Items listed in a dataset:
__________

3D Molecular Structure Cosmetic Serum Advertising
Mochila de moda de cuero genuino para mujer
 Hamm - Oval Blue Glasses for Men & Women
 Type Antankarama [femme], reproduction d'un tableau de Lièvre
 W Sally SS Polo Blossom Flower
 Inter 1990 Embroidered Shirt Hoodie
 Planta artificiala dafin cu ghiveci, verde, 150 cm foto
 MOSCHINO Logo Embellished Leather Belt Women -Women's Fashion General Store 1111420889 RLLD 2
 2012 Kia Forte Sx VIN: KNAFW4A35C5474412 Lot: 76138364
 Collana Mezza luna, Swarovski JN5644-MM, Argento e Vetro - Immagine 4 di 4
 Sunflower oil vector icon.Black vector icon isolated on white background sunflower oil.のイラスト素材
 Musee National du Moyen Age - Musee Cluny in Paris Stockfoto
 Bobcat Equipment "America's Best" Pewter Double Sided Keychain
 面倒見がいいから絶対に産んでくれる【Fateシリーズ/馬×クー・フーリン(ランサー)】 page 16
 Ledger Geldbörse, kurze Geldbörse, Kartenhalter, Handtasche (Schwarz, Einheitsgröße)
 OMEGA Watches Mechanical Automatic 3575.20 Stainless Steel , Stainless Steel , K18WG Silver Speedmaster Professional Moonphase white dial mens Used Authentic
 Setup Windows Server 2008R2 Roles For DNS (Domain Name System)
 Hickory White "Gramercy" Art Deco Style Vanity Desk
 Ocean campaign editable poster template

__________

WHAT THE EXERCISE ASKS:
Could you write out all of the data again, exactly as given?

SOLUTION TO THIS EXERCISE:
3D Molecular Structure Cosmetic Serum Advertising
Mochila de moda de cuero genuino para mujer
 Hamm - Oval Blue Glasses for Men & Women
 Type Antankarama [femme], reproduction d'un tableau de Lièvre
 W Sally SS Polo Blossom Flower
 Inter 1990 Embroidered Shirt Hoodie
 Planta artificiala dafin cu ghiveci, verde, 150 cm foto
 MOSCHINO Logo Embellished Leather Belt Women -Women's Fashion General Store 1111420889 RLLD 2
 2012 Kia Forte Sx VIN: KNAFW4A35C5474412 Lot: 76138364
 Collana Mezza luna, Swarovski JN5644-MM, Argento e Vetro - Immagine 4 di 4
 Sunflower oil vector icon.Black vector icon isolated on white background sunflower oil.のイラスト素材
 Musee National du Moyen Age - Musee Cluny in Paris Stockfoto
 Bobcat Equipment "America's Best" Pewter Double Sided Keychain
 面倒見がいいから絶対に産んでくれる【Fateシリーズ/馬×クー・フーリン(ランサー)】 page 16
 Ledger Geldbörse, kurze Geldbörse, Kartenhalter, Handtasche (Schwarz, Einheitsgröße)
 OMEGA Watches Mechanical Automatic 3575.20 Stainless Steel , Stainless Steel , K18WG Silver Speedmaster Professional Moonphase white dial mens Used Authentic
 Setup Windows Server 2008R2 Roles For DNS (Domain Name System)
 Hickory White "Gramercy" Art Deco Style Vanity Desk
 Ocean campaign editable poster template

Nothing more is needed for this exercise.